Equal Pay Day Still Doesn't Come Soon Enough!

Hotel Voice, Spring 2020

March 31 is the year 2020's Equal Pay Day, an event designed to heighten awareness about the disparity in wages between men and women. Although equal pay has been the law since 1964, the truth is that women still receive less pay then men who have similar education, skills and experience. Today, women on average receive about 80% of the wages a man receives for the same work!

The gap in wages between men and women covers just about every non-union job classification imaginable. The damage caused by this gap is huge. An AFL-CIO survey conducted a few years ago found that 64% of the women interviewed were providing at least half of their family’s income Not only that, but today a full 42% of working women in the United States are the sole breadwinner for their families! This means that if all women were to get equal pay millions of families would benefit. In fact, the Department of Labor's own statistics show that more than 25 million children in the U.S. would benefit greatly from closing the gender pay gap.

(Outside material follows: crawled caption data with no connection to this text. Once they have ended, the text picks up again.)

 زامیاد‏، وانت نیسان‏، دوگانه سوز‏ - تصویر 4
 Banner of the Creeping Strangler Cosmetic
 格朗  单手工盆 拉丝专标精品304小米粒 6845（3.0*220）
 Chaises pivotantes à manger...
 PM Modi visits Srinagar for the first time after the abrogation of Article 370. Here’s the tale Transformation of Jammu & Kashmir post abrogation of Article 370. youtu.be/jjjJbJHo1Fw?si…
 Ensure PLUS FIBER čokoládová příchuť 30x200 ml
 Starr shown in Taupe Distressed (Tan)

Call it pay discrimination. It is a situation where laws including the Lilly Ledbetter Act signed by President Obama in 2009 have brought about improvement but have not completely solved the problem. In the most recent measurement of pay discrimination, women were receiving 80 cents for every dollar men received on the job. The difference of 20 cents on every dollar really mounts up. It means that, depending on occupation, the average 25-year-old working woman could lose between $200,000 and $700,000 to unequal pay during her working life!

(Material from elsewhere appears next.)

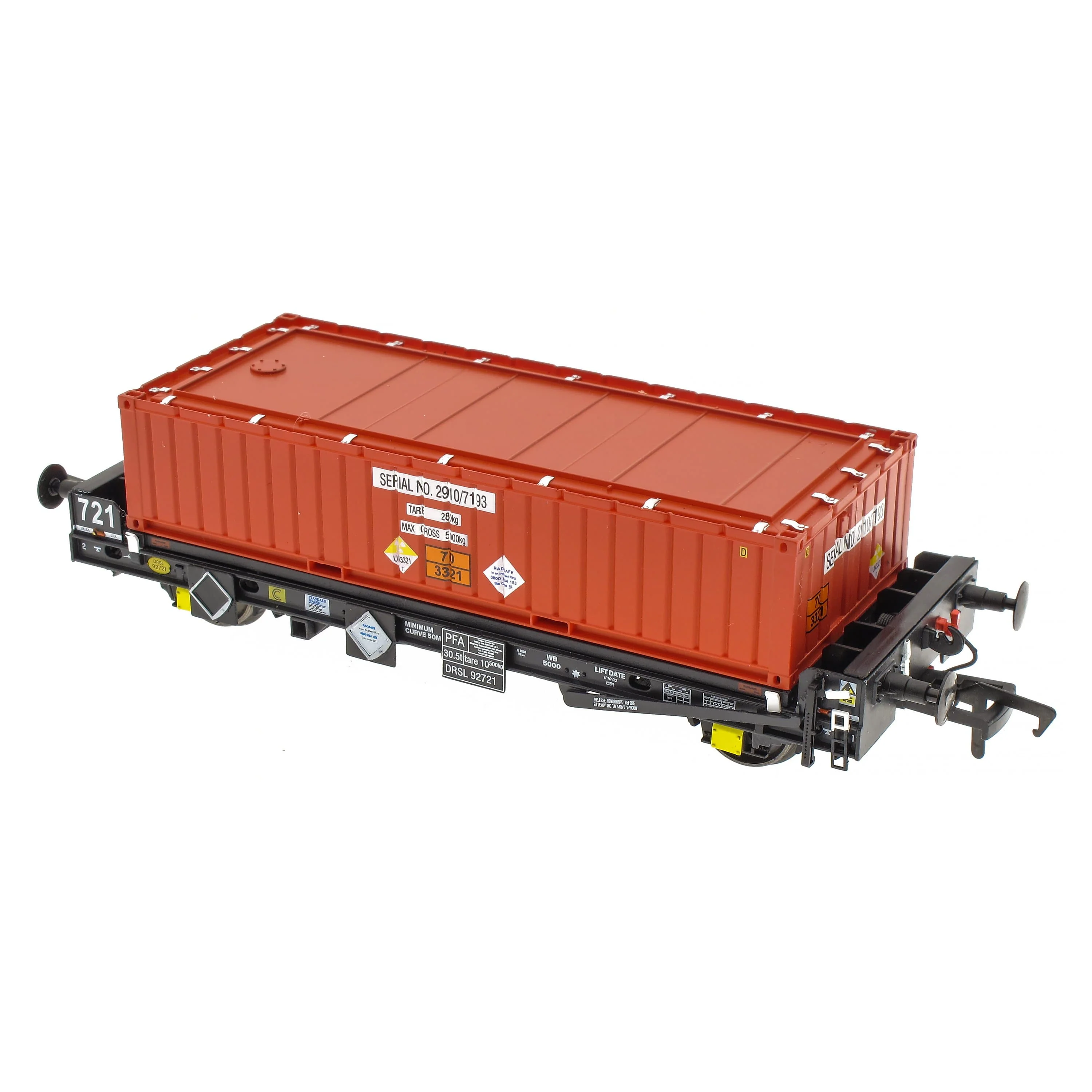 PFA - DRS LLNW - Nuclear Half Height Container O - Image 6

The difference in pay between men and women creates other problems. Because women are paid less, they have less money to save for the future and, in many cases, they will receive lower Social Security payments when they retire. Statistics also show that women in non-union jobs receive smaller pensions than men, if the employer has a pension plan at all. In fact, in the last year this statistic was measured women’s private pension benefits were less than half those of men!

The statistics are even worse for women of color. African-American women earn only 61 cents for every dollar African American men earn. Latinas earn 53 cents for every dollar that Latinos earn. Asian Pacific American women earn at least 20% less than Asian Pacific American men.

When pay discrimination between women and men is classified by career, it shows how widespread and unfair the problem is. Women doctors earn about $500 less per week than male doctors. Non-union women clericals receive about $100 less per week than male clericals. The 90% of nurses who are women earn $30 less per week than the ten percent of nurses who are men. Women lawyers earn nearly $300 less per week than male lawyers. Women accountants earn $200 a week less than men in the same job.

The same is true in the non-union hotels and restaurants, where pay discrimination is often rampant. Room attendants, cleaners, food servers, bartenders and cashiers are all positions in non-union hotels and restaurants where women are often paid less than men. These aren’t our statistics, they are statistics that were gathered by the U.S. Department of Labor. And they are clear proof that union membership makes a huge difference for women, as well as men.

There is other proof that union membership makes a huge difference for women, and it can be found right here in the Hotel Trades Council. As many of you may know, there was a long period of time when room attendants were paid less per week than their male counterparts who are called housemen. It took a long and difficult fight by our union that included arbitrations, federal lawsuits, rallies and other steps, but it finally resulted in the equalization of wages between room attendants and housemen in 1990. For room attendants who were 25 years old in 1990 and who expect to work until retirement age, this battle the Union fought on their behalf will mean a difference of at least $50,000 in pay. But while we can all celebrate our own union’s successful fight for equal pay, we must not forget that even today there are millions of non-union women in the United States who suffer pay discrimination every week.

Equal Pay Day calls attention to the persistent moral and economic injustice working women face. For a woman to earn as much as a man, she has to work a full year, plus 91 extra days, all the way to March 31—which is why that date is Equal Pay Day in 2020. Yes, it used to be worse. In 1963, when President John F. Kennedy signed the Equal Pay Act, women were paid only 59 cents for every dollar men made. So, while it can be said that progress has been made and that Equal Pay Day came much sooner this year than it did when the Equal Pay Act was enacted, it isn’t soon enough. It will only be truly Equal Pay Day when men and women at all jobs in all industries and professions are paid equally!